=== Section Start ===
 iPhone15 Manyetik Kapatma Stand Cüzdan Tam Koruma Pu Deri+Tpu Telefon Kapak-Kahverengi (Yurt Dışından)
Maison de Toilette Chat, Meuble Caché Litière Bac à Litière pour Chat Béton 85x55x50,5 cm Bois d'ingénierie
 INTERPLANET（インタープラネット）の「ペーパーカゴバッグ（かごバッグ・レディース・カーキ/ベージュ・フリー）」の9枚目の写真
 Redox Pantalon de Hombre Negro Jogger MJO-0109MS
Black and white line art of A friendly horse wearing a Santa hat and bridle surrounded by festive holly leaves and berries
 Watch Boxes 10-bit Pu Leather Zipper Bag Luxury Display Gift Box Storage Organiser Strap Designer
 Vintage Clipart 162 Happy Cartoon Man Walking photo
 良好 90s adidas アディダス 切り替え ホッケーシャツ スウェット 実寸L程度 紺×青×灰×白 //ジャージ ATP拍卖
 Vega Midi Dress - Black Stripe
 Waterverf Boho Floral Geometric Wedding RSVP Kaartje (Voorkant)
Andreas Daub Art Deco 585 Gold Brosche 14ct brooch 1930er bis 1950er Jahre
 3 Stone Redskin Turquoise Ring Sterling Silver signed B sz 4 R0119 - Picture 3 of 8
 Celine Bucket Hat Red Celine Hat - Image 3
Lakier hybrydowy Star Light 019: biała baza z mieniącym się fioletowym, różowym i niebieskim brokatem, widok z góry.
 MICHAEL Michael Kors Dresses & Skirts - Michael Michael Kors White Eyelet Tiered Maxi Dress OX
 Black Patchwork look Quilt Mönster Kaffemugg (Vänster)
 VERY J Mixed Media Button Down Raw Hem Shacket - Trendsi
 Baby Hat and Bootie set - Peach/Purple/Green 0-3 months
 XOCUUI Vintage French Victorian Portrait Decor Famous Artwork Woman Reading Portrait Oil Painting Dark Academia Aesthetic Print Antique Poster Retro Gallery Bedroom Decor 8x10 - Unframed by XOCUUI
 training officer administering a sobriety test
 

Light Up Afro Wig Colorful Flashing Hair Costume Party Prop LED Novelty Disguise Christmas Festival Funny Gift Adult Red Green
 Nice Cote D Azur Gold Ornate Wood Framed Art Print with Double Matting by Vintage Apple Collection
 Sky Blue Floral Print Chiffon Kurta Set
=== Section End ===
> [About this exercise]
All records above are to be printed exactly, with nothing omitted.

> [Answer to the exercise]
 iPhone15 Manyetik Kapatma Stand Cüzdan Tam Koruma Pu Deri+Tpu Telefon Kapak-Kahverengi (Yurt Dışından)
Maison de Toilette Chat, Meuble Caché Litière Bac à Litière pour Chat Béton 85x55x50,5 cm Bois d'ingénierie
 INTERPLANET（インタープラネット）の「ペーパーカゴバッグ（かごバッグ・レディース・カーキ/ベージュ・フリー）」の9枚目の写真
 Redox Pantalon de Hombre Negro Jogger MJO-0109MS
Black and white line art of A friendly horse wearing a Santa hat and bridle surrounded by festive holly leaves and berries
 Watch Boxes 10-bit Pu Leather Zipper Bag Luxury Display Gift Box Storage Organiser Strap Designer
 Vintage Clipart 162 Happy Cartoon Man Walking photo
 良好 90s adidas アディダス 切り替え ホッケーシャツ スウェット 実寸L程度 紺×青×灰×白 //ジャージ ATP拍卖
 Vega Midi Dress - Black Stripe
 Waterverf Boho Floral Geometric Wedding RSVP Kaartje (Voorkant)
Andreas Daub Art Deco 585 Gold Brosche 14ct brooch 1930er bis 1950er Jahre
 3 Stone Redskin Turquoise Ring Sterling Silver signed B sz 4 R0119 - Picture 3 of 8
 Celine Bucket Hat Red Celine Hat - Image 3
Lakier hybrydowy Star Light 019: biała baza z mieniącym się fioletowym, różowym i niebieskim brokatem, widok z góry.
 MICHAEL Michael Kors Dresses & Skirts - Michael Michael Kors White Eyelet Tiered Maxi Dress OX
 Black Patchwork look Quilt Mönster Kaffemugg (Vänster)
 VERY J Mixed Media Button Down Raw Hem Shacket - Trendsi
 Baby Hat and Bootie set - Peach/Purple/Green 0-3 months
 XOCUUI Vintage French Victorian Portrait Decor Famous Artwork Woman Reading Portrait Oil Painting Dark Academia Aesthetic Print Antique Poster Retro Gallery Bedroom Decor 8x10 - Unframed by XOCUUI
 training officer administering a sobriety test
 

Light Up Afro Wig Colorful Flashing Hair Costume Party Prop LED Novelty Disguise Christmas Festival Funny Gift Adult Red Green
 Nice Cote D Azur Gold Ornate Wood Framed Art Print with Double Matting by Vintage Apple Collection
 Sky Blue Floral Print Chiffon Kurta Set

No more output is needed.